Meisenthal, la folie des boules de Noël

Devenu centre artistique en lieu et place d’un site industriel, Meisenthal n’a pas oublié qu’il fut l’un des berceaux du verre Art Nouveau. Et cela grâce au maître nancéen Emile Gallé, qui y fit souffler ses œuvres de 1867 à 1894. Depuis, le site a relancé son autre marque de fabrique: les boules de Noël. Près de 30.000 personnes se ruent chaque année dans le village, entre mi-novembre et fin décembre, pour assouvir cette passion locale! 

Si l’alibi artistique est sans conteste le déclencheur d’une escapade dans cette contrée, il ne faut pas oublier la nature et la culture.

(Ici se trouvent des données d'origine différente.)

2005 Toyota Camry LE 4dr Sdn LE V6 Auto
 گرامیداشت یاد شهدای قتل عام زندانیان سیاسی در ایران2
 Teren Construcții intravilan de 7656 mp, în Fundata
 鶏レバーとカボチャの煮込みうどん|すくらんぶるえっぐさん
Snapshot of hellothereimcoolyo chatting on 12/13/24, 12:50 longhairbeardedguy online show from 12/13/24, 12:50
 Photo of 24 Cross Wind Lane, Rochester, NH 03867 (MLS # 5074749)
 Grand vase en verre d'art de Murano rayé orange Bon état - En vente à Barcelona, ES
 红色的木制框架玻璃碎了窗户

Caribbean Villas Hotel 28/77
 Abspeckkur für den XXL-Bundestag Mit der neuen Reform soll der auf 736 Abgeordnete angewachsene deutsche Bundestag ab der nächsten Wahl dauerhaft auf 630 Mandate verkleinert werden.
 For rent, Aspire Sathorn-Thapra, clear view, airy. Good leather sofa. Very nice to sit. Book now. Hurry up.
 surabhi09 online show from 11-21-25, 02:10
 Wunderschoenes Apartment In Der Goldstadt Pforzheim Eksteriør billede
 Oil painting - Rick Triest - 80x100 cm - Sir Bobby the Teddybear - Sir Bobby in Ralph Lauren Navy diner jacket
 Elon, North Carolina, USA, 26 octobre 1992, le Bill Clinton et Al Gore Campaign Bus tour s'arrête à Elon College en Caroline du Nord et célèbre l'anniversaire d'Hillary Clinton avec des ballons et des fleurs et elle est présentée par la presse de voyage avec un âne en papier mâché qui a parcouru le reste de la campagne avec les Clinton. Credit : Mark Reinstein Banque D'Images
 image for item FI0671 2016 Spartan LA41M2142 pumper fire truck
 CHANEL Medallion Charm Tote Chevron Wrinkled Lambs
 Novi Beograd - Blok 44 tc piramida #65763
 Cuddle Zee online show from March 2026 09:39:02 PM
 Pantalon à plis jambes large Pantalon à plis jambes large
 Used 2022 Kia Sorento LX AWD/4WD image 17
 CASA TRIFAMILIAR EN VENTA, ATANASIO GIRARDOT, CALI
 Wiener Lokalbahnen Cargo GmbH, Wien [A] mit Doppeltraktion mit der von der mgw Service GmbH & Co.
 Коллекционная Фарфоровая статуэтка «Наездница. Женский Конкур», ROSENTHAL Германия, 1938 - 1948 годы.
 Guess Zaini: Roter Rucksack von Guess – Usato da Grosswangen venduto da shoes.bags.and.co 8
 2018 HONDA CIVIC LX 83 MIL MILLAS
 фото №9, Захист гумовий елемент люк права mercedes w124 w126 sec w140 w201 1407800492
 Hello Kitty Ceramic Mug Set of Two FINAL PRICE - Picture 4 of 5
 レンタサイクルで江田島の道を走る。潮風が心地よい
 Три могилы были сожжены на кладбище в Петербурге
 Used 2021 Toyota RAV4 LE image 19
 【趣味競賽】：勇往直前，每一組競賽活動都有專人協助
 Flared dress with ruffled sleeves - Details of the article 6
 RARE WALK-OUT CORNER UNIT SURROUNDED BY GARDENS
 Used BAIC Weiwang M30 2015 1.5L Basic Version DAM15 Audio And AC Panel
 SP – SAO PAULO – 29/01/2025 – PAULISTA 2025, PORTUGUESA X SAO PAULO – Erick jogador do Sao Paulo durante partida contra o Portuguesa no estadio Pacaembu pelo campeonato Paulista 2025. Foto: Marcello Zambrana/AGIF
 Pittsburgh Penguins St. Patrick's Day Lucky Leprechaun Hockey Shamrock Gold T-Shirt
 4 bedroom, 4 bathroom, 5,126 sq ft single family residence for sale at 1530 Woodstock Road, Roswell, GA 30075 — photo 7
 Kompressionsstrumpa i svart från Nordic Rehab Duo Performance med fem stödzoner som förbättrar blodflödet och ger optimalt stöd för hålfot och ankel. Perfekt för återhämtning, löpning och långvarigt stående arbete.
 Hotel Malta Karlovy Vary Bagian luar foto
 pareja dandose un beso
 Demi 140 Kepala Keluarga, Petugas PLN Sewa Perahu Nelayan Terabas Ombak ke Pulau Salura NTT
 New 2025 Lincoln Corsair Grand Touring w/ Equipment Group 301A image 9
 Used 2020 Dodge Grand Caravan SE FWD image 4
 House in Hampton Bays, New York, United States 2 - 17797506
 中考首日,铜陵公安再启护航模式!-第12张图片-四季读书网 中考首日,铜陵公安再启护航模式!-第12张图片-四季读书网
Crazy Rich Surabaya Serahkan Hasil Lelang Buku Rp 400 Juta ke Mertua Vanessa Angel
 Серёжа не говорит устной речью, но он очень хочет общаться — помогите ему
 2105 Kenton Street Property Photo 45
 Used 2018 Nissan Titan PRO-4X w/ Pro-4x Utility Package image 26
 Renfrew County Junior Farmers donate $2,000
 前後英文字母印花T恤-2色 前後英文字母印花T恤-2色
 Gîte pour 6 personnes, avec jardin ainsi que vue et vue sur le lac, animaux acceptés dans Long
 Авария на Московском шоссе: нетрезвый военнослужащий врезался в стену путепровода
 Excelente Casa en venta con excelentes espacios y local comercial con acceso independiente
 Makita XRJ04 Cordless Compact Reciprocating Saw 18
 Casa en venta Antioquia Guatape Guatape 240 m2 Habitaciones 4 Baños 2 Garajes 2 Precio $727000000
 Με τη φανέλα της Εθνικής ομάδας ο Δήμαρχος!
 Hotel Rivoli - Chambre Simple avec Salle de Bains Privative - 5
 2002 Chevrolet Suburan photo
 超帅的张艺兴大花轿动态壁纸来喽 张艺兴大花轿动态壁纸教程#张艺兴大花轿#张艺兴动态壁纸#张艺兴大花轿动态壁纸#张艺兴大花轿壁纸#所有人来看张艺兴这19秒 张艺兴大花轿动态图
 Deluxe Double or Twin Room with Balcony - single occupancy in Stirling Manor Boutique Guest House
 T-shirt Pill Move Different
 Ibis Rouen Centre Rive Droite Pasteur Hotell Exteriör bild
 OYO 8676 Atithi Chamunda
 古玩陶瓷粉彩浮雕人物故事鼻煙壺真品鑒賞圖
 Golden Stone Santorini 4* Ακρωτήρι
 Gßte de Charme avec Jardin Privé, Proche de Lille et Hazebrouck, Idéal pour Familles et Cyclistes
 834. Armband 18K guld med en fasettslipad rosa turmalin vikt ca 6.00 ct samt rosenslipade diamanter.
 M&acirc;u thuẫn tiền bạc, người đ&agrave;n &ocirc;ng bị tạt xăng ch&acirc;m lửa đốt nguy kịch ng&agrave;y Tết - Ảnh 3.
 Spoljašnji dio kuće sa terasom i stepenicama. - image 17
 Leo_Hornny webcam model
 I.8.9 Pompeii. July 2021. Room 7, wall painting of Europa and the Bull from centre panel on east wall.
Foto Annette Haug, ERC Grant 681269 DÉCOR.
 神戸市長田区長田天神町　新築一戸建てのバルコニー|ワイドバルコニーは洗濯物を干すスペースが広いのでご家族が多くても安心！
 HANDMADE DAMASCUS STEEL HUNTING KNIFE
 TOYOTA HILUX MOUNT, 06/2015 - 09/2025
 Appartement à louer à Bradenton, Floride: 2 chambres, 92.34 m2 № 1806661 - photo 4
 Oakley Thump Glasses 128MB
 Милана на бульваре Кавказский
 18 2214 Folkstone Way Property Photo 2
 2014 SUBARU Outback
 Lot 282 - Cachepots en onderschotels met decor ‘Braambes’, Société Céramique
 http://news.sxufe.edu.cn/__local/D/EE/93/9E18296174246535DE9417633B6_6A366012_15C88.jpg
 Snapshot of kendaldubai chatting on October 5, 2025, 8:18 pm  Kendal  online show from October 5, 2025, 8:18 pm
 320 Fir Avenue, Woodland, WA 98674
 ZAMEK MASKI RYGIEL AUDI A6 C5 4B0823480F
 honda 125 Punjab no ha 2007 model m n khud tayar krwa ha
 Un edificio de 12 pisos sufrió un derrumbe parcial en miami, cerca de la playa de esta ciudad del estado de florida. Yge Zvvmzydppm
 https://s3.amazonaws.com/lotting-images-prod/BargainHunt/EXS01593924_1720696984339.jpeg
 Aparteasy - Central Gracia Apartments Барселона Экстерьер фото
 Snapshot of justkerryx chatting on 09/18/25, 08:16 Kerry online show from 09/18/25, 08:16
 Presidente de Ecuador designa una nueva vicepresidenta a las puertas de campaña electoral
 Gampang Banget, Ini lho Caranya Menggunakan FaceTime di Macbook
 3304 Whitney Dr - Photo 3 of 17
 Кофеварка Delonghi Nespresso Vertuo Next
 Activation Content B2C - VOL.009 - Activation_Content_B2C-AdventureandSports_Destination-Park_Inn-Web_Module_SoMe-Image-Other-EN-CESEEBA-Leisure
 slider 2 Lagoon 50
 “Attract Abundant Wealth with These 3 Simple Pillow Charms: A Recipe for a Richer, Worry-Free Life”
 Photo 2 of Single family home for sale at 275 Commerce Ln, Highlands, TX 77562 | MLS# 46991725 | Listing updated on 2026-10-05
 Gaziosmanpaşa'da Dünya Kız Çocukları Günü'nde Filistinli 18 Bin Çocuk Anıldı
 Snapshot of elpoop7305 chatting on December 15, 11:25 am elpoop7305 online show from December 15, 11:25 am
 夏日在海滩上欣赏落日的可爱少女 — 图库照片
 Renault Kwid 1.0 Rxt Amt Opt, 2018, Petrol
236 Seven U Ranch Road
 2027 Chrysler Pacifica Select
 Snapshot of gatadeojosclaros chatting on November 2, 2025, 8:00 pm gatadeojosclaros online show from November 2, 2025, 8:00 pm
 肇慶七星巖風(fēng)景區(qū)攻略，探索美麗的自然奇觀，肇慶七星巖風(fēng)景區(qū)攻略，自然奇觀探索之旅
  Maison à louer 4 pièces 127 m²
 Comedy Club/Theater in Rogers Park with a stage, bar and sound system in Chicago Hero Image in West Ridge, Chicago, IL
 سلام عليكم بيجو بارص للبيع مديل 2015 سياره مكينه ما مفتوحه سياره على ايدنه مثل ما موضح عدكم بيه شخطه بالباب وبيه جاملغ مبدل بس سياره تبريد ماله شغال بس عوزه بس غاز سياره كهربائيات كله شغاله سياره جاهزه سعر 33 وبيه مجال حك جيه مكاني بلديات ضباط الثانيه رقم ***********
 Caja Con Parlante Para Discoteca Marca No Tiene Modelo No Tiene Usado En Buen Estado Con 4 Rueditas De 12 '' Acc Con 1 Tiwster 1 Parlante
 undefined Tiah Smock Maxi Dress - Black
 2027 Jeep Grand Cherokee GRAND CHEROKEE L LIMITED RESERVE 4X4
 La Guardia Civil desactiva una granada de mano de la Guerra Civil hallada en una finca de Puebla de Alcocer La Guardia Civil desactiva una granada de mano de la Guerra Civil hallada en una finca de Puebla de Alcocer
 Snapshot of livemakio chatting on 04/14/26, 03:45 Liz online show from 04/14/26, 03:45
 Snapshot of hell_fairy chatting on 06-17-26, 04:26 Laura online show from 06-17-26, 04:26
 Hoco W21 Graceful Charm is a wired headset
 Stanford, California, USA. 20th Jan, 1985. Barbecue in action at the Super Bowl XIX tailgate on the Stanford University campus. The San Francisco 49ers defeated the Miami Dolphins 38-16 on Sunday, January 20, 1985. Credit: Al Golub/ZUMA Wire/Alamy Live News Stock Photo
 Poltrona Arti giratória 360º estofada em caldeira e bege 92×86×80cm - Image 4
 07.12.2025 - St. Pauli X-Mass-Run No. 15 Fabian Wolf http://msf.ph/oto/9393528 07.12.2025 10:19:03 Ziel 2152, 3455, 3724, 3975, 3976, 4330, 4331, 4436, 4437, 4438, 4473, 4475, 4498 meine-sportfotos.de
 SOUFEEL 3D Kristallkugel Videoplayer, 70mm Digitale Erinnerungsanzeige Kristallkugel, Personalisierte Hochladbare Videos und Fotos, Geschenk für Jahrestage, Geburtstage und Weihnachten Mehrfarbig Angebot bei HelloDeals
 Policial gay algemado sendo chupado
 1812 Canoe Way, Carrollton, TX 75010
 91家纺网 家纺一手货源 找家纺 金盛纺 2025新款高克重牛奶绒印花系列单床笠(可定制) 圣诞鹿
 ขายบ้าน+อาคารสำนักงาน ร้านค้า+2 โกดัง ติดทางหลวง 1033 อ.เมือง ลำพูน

À moins d’une heure de route de Strasbourg, on oublie vite les iconiques maisons à colombages des villages alsaciens pour pénétrer la profonde forêt vosgienne, culminant ici à 581 mètres (le Grand Wintersberg). Un prétexte idéal à des randonnées, ainsi qu’à la découverte d’un patrimoine surprenant. Des exemples? Les châteaux éperons de Lichtenberg et de la Petite-Pierre; les maisons troglodytes des Rochers, à Graufthal; la citadelle de Bitche… Savoir-faire et terroirs sont deux excellentes raisons de visiter ce petit territoire du nord-est de la France.

Lichtenberg, grès rose design

Du château du 13ème siècle, il ne reste que murs et fondations. Occupé par les soldats sous Louis XIV, puis poste de défense face au Saint-Empire germanique, il est détruit par les Prussiens en 1870.  Il ne sera restauré que dans les années 1990 avec un parti pris osé: les bases médiévales servent d’assise à des éléments modernes, dont l’excroissance inédite formée par une tribune de théâtre. Depuis la tour ce lieu devenu culturel et touristique, la vue sur le village et les Vosges est splendide.